Amélie de Montchalin, récemment nommée première présidente de la Cour des comptes, a choisi de s’abstenir de participer aux débats portant sur les finances publiques 2025, a indiqué la Cour dans un communiqué publié lundi 23 février.
Une abstention ciblée sur les travaux 2025
Selon le communiqué, « la première présidente a décidé de s’abstenir de participer aux délibérés relatifs aux travaux portant sur l’exécution du budget de l’État et de la Sécurité sociale pour 2025 et sur la certification des comptes 2025 ainsi qu’aux rapports concernant les organismes sur lesquels elle a exercé une autorité au cours des trois dernières années ».

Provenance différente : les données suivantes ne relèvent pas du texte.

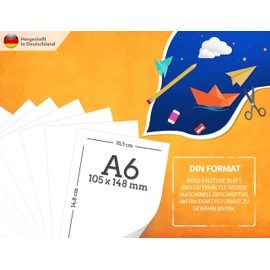 Printer Paper 80 g White A6-500 Sheets - Premium Paper Pure White - Copy Paper, Laser Printer & Inkjet for University, Photography, Presentations Ideal for Office & Office - Made in Germany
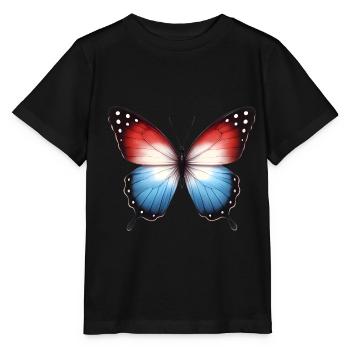 Patriotisches Schmetterlingsflaggen-Design - Stanley/Stella Kinder T-Shirt MINI CREATOR  - Schwarz - Vorne - Mikhail (115cm)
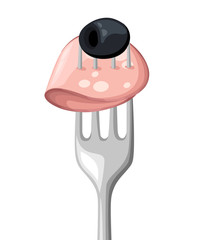 Olive and salami slice on a steel fork. Vector illustration isolated on white.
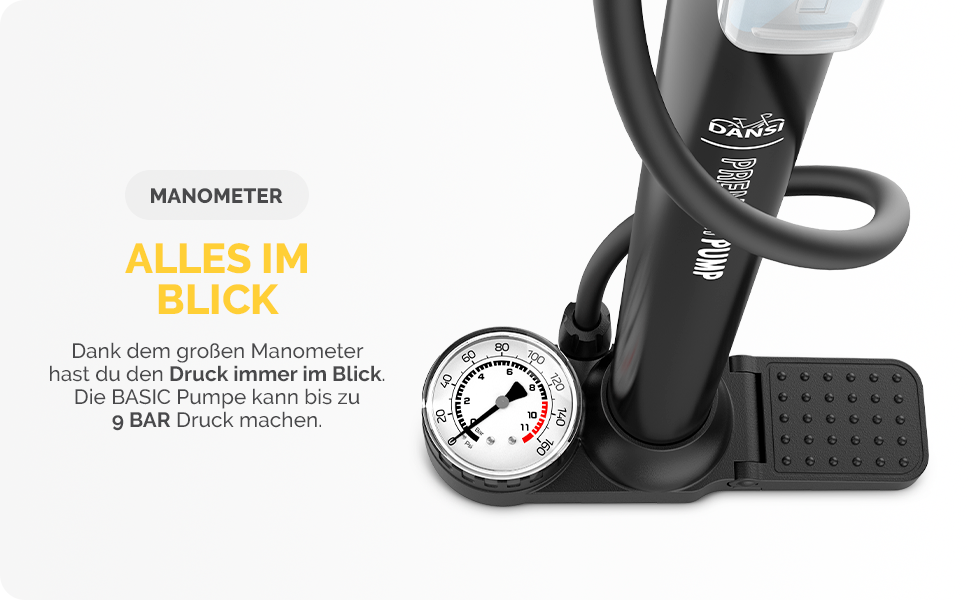 Насос для велосипеда DANSI Stand-Fahrradpumpe - універсальний з манометром та адаптерами | Підходить для мотоцикла, електровелосипеда, авто та спортивного інвентарю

La décision vise explicitement les dossiers d’exécution budgétaire et de certification des comptes pour l’année 2025. La Cour précise en outre que Mme de Montchalin a « remis aujourd’hui sa déclaration d’intérêts au collège de déontologie de la Cour », en application de l’article L. 120-10 du code des juridictions financières.
La mesure intervient immédiatement après sa prise de fonctions, annoncée pour le même lundi. Le communiqué ne précise pas l’étendue ni la durée exacte de cette abstention au-delà des dossiers mentionnés pour 2025.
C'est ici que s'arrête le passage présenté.